# Project 5: Data Science & Machine Learning on Votings of the Swiss National Council

In project 5, we will analyze the voting behavior of the "Nationalrat" of the Swiss parliament in a number of ways. The project consists of 3 different files:

* Data Preparation (this notebook): Prepare the data for the other two notebooks.
* Predictions: Predict the voting behavior of individual members or the entire council.
* Unsupervised: Find lower-dimensional representations of the voting behavior and groups of members of parliament.

# Data Preparation

In this notebook, we clean and reformat the raw data on the votings of the national council analysis such that it will be ready for the other two notebooks. 

In most of the project (i.e., all except one part of the unsupervised learning notebook), we will consider the voting proposals as observational units, and the votes by the members of parliament as variables. With this understanding, additional information about the proposals are also variables added as a column. However, in a strict interpretation, this might not be fully compliant with the ideas of a tidy dataset, but it serves purpose as a joint basis for the supervised and unsupervised learning notebook. In the supervised learning notebook, we will in fact further transform the notebook into a fully tidy representation.

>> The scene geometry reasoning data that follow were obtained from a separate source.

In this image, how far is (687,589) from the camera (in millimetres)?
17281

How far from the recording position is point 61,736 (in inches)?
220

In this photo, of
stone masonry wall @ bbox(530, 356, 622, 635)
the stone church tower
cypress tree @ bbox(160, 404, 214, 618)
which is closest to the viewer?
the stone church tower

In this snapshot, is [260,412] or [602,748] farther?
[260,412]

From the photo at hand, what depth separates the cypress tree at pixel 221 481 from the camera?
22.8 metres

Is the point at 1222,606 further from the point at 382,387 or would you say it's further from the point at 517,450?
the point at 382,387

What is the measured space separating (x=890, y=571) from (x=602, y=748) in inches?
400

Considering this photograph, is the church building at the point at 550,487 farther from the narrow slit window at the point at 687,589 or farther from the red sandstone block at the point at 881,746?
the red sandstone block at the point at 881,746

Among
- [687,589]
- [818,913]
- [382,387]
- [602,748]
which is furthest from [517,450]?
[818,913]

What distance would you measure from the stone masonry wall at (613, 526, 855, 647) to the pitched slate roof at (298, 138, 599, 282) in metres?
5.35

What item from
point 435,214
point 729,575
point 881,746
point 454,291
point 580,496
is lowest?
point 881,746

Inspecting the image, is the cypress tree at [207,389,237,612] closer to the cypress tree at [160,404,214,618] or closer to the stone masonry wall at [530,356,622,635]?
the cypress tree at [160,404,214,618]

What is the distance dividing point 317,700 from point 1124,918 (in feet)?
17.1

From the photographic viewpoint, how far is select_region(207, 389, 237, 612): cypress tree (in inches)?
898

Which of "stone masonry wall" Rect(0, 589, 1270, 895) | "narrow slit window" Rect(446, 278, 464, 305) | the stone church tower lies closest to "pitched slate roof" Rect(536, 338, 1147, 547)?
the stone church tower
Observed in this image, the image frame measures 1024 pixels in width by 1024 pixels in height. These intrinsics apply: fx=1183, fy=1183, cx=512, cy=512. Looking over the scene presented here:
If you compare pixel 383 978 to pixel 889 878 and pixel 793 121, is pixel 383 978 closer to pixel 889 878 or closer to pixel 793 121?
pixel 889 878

**You have to run this notebook before you can work on the other two.**

**To avoid potential issues with memory limitations (which might result in the kernel dying), we recomment that you click "Close and Shut Down Notebooks" (in the "File" tab) before you start another notebook.**

## Getting the Data
The voting behavior for every member of parliament as well as some information about the subjects of the vote are publicly available from https://www.parlament.ch/de/ratsbetrieb/abstimmungen/abstimmung-nr-xls (though only in German, French and Italian). We have downloaded the data for the summer sessions of the last four years. We will run the notebook on the latest data (i.e., from the year 2024) - but you are of course free to change to a different year, and you can also download further data files, namely from earlier years or from the council of states ("Ständerat").

In [None]:
import pandas as pd
import numpy as np

The data is given as Excel sheets; we load it using `read_excel` from the `pandas` package. It might be worth to open the file in Excel to see how it's structured.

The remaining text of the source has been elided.